__Exercise data__:
============

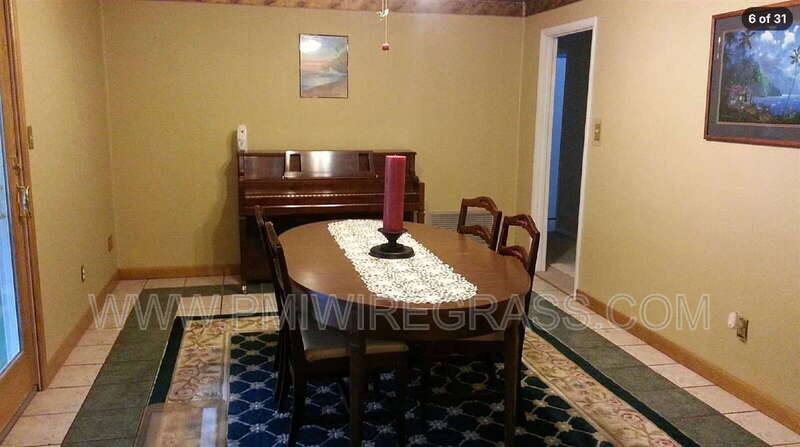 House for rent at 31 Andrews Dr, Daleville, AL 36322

============

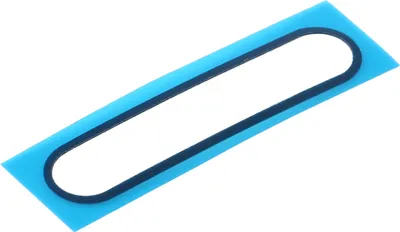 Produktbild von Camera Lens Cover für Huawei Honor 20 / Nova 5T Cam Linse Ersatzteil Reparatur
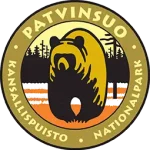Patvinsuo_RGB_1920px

============

__What the task requires__:
Reproduce the records above exactly, but only from the line with "Produktbild von Camera" up to and including the line with "Patvinsuo_RGB_1920px". Leave the pictures out.

__Result for this task__:
 Produktbild von Camera Lens Cover für Huawei Honor 20 / Nova 5T Cam Linse Ersatzteil Reparatur
Patvinsuo_RGB_1920px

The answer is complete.